Recorded data
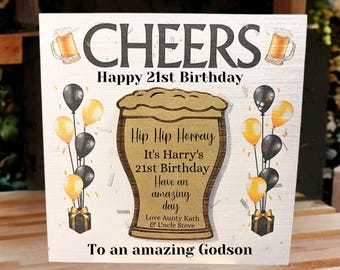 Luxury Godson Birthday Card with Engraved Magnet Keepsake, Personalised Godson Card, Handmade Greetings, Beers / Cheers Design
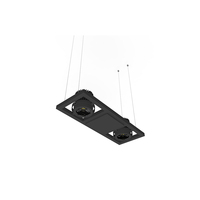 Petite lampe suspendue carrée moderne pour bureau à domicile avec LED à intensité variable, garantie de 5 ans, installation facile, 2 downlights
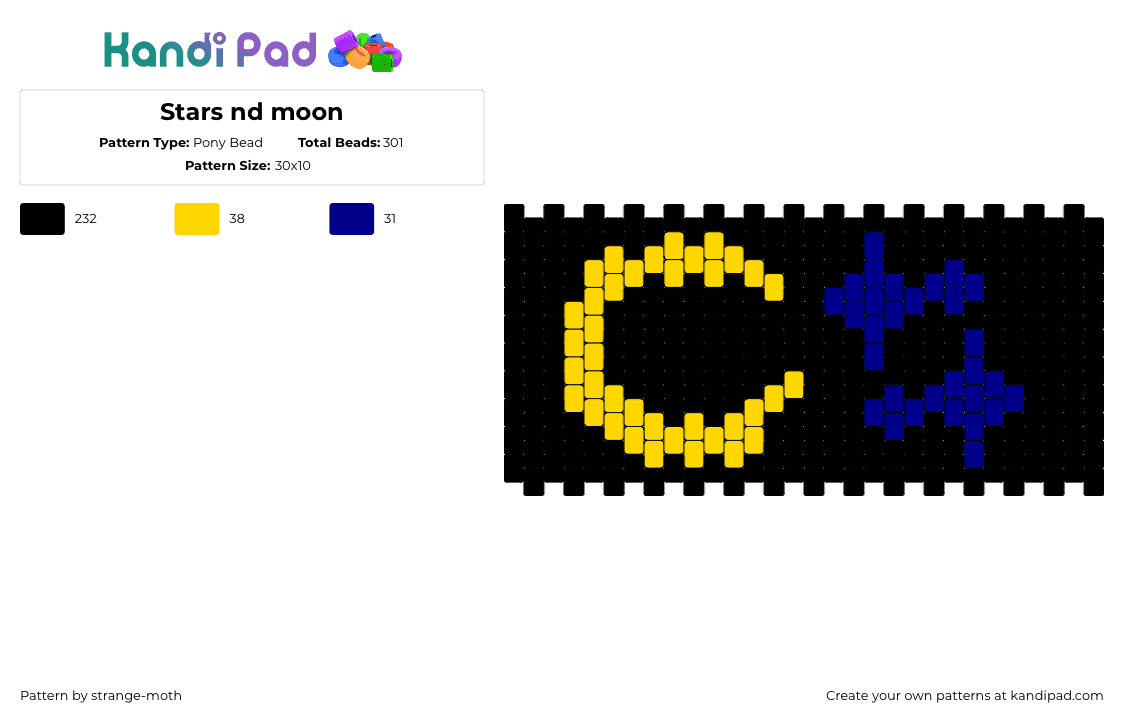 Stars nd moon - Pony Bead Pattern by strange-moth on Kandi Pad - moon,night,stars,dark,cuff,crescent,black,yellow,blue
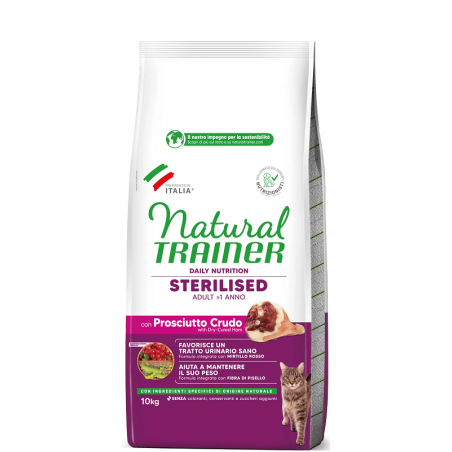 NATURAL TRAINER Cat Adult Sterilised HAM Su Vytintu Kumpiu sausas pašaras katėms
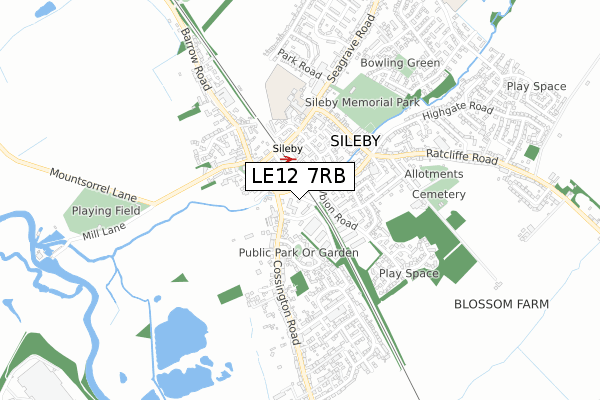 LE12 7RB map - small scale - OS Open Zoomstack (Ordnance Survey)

Problem details: The answer must be the lines from the first one in the records through the line containing "Petite lampe suspendue", copied exactly, with no pictures.

Response for this exercise:
 Luxury Godson Birthday Card with Engraved Magnet Keepsake, Personalised Godson Card, Handmade Greetings, Beers / Cheers Design
 Petite lampe suspendue carrée moderne pour bureau à domicile avec LED à intensité variable, garantie de 5 ans, installation facile, 2 downlights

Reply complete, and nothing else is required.